● Problem statement: Omit all pictures. Quote the lines from the one with "Students holding the" through the end of the listing below, exactly as they appear.

● Information provided:
--- --- ---

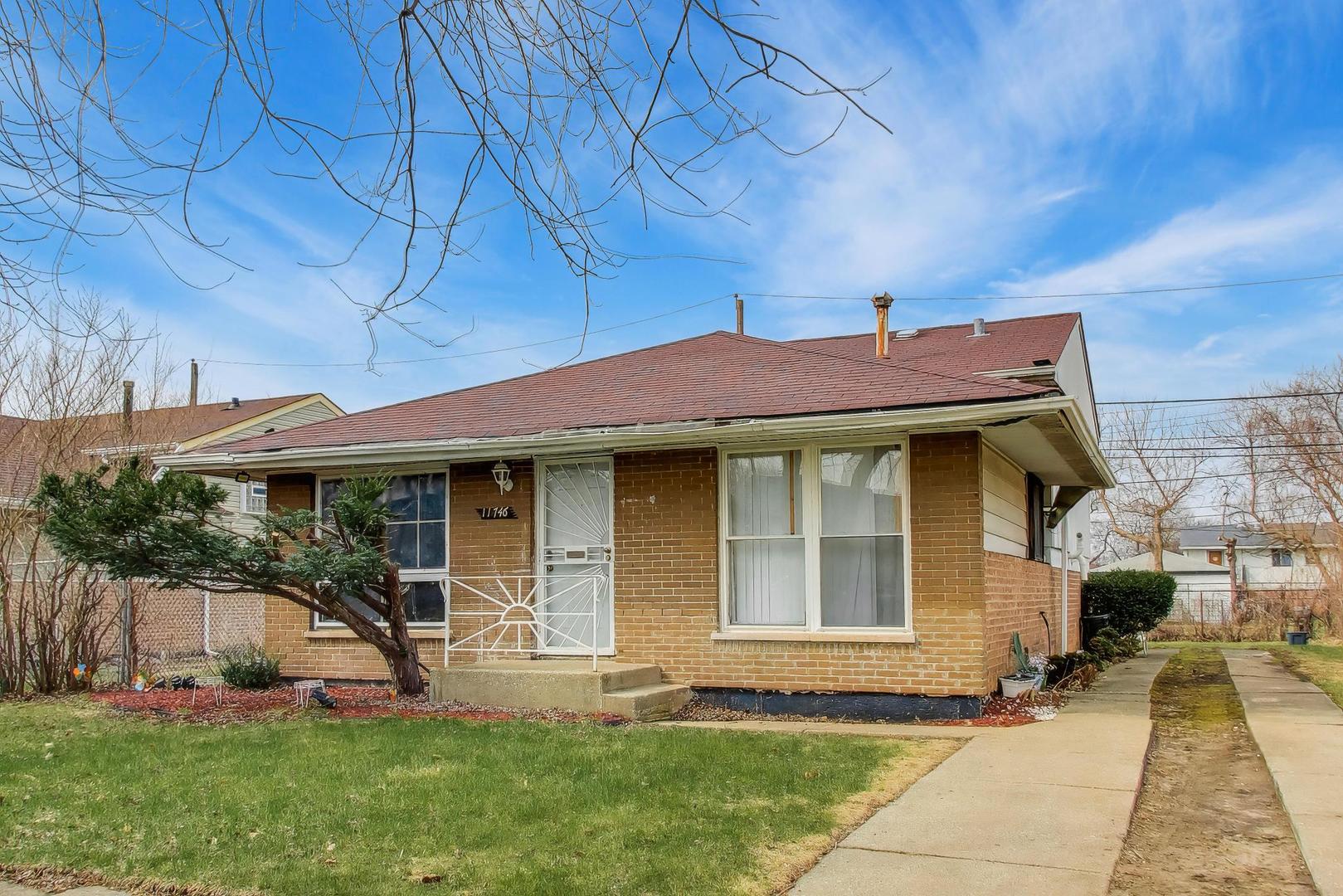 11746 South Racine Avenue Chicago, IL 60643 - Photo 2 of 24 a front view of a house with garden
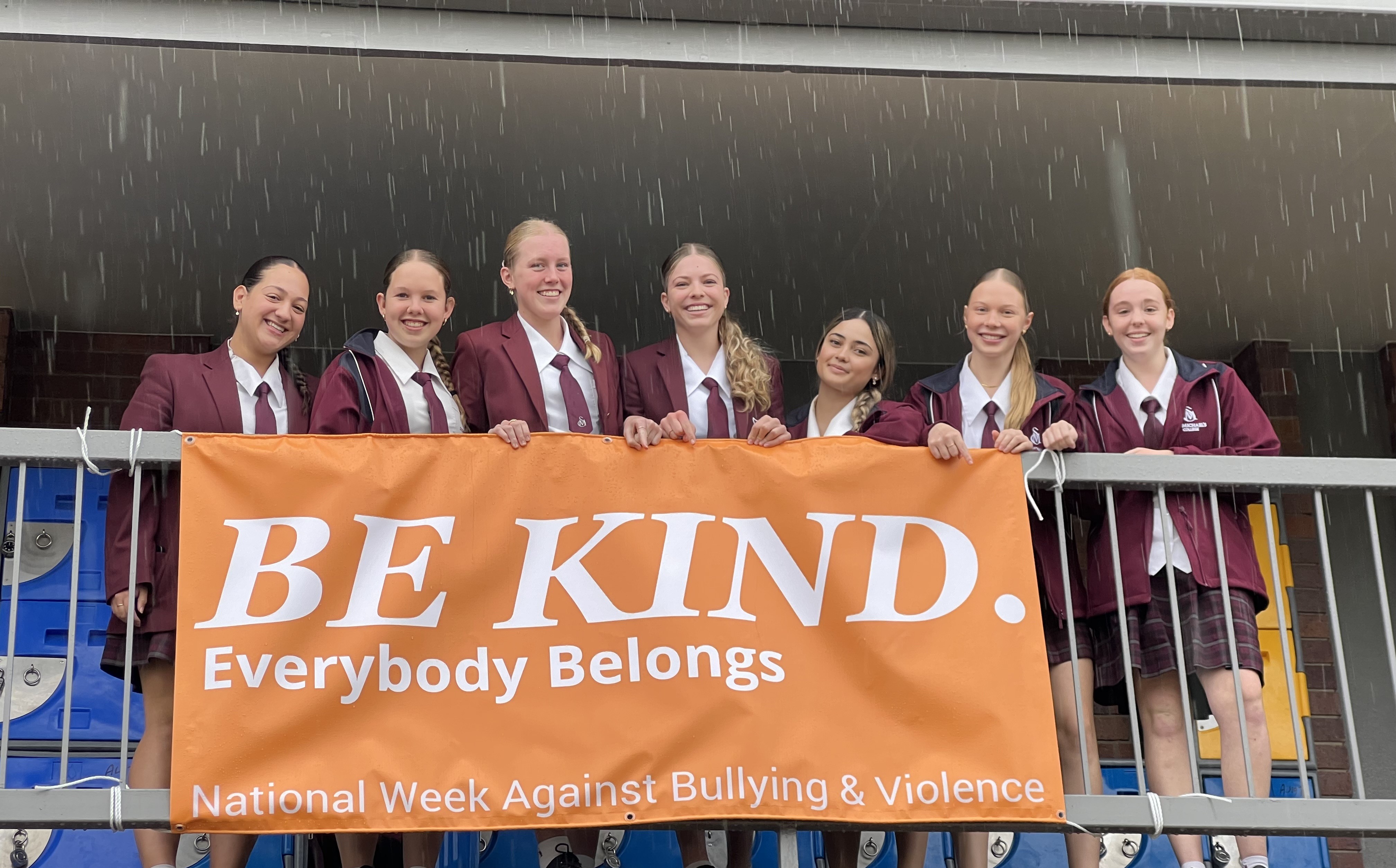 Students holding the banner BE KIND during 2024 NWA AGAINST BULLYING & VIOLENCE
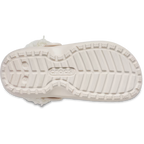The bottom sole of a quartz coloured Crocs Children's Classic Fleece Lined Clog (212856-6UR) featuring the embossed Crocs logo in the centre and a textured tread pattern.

--- --- ---

● Solved exercise:
 Students holding the banner BE KIND during 2024 NWA AGAINST BULLYING & VIOLENCE
The bottom sole of a quartz coloured Crocs Children's Classic Fleece Lined Clog (212856-6UR) featuring the embossed Crocs logo in the centre and a textured tread pattern.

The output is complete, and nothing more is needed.